La Ducati secondo Hayden
Il dream team Ducati
Il team ufficiale Ducati in MotoGP si è presentato alla prima di campionato in Qatar con uno squadrone d'assalto senza precedenti. Forte, da una parte, di una moto profondamente rivista nella parte ciclistica, capace oggi di adattarsi a stili di guida meno irruenti (a Borgo hanno compreso che di Stoner ce n'è uno solo); dall'altra, solo la casa di Borgo Panigale può vantare due campioni del mondo della MotoGP inseriti all'interno dello stesso team. Nicky Hayden ha scritto il suo nome nell'albo d'oro del 2006, mentre l'anno successivo ha sancito il trionfo di Casey Stoner, in grado di chiudere la pratica del mondiale con quattro gare di anticipo.
Soddisfatti a metà
Un simile schieramento non può che puntare alla vittoria, puntualmente arrivata in Qatar grazie alla corsa strepitosa del pilota australiano, che ha fatto il vuoto alle sue spalle.

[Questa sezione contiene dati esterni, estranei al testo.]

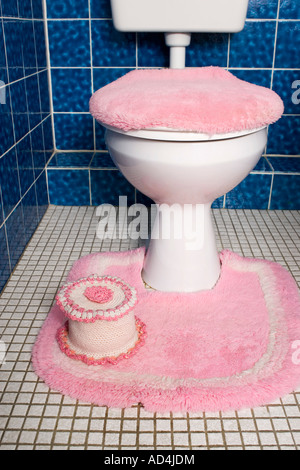 Des toilettes avec fluffy housse de siège et tapis rose Banque D'Images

Bilancio del tutto soddisfacente quindi?
Se leggiamo il risultato della seconda guida Ducati - che non è certo un novellino della MotoGP - diciamo sicuramente di no.
Il dodicesimo posto sulla linea del traguardo può andar bene a Mika Kallio, alla guida della Ducati GP9 del team Pramac Racing giunta invece ottava, ma non a Kentucky kid e alla sua GP9 ufficiale.

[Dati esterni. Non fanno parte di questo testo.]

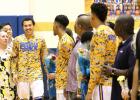 CCLP/TJ MAXWELL - Copperas Cove senior Malyk Thomas is escorted out by his parents as part of senior night festivities prior to the Bulldawgs 105-64 win over the Kangaroos on Friday.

Persino Dani Pedrosa, convalescente per l'intervento chirurgico al ginocchio e in chiara difficoltà, ha saputo fare meglio in Qatar dell'ex compagno di squadra.
L'ottimismo è il sale della vita
Moto inguidabile? Problemi di chattering? Ingegneri che fanno orecchie da mercante?

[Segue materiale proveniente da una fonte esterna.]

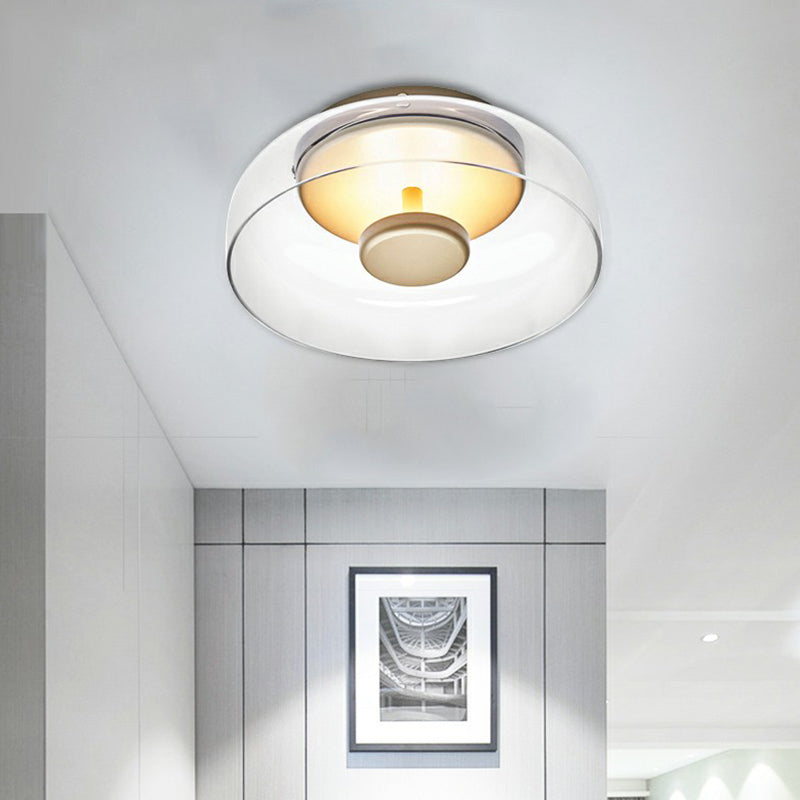 Clear glass flush light with a gold-toned centre disc, lit, above a hallway with framed picture 3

Nossignori, niente di tutto questo. Nicky Hayden, al di là dei risultati, resta un campione e non cerca facili scuse dietro cui sincerarsi. In gara l'americano ha patito le conseguenze del tremendo botto che lo ha visto protagonista il sabato durante le prove libere.
Un high side a 200 km/h avrebbe rispedito a casa - o in ospedale - tanti piloti. Ma Nicky ha deciso di correre, pur partendo dall'ultima posizione disponibile in griglia (la sedicesima).
Hayden non ha temuto il confronto con gli avversari, è anzi sceso nell'arena e ha raccolto 4 importantissimi punti mondiali.
Il gap finale dal compagno di squadra è stato pesante (Nicky ha preso circa 2 secondi al giro da Casey, chiudendo le 22 tornate di gara a 48 secondi dal vincitore). Ma ha avuto l'eleganza di non addossare colpe alla Ducati. Il feeling con la moto è cresciuto giro dopo giro, tanto che Hayden ha fatto segnare il suo miglior crono a pochi chilometri dall'arrivo.
Da un lato la squadra italiana non ha nessuna intenzione di accontentarsi del risultato del solo Stoner; dall'altro Hayden crede nel potenziale enorme della sua GP9. E ambisce, come Casey, al podio della MotoGP.
Nicky Hayden: " E' stato un fine settimana molto impegnativo perché ci è capitato un po' di tutto. Sicuramente un high side a circa 200 chilometri orari non ha aiutato e nulla è andato in maniera davvero liscia. All'inizio della gara ero molto lento. Non sono partito bene, ma giro dopo giro il mio feeling è migliorato. Sono riuscito ad aumentare progressivamente il ritmo e gli ultimi giri sono stati i più veloci durante tutto il weekend. Sarebbe stato bello passare Pedrosa, ma credo che la squadra abbia dimostrato che non siamo tipi da arrenderci. Casey ha dimostrato il grande potenziale della moto e, per quanto strano possa suonare, vado a Motegi con la voglia di fare davvero bene".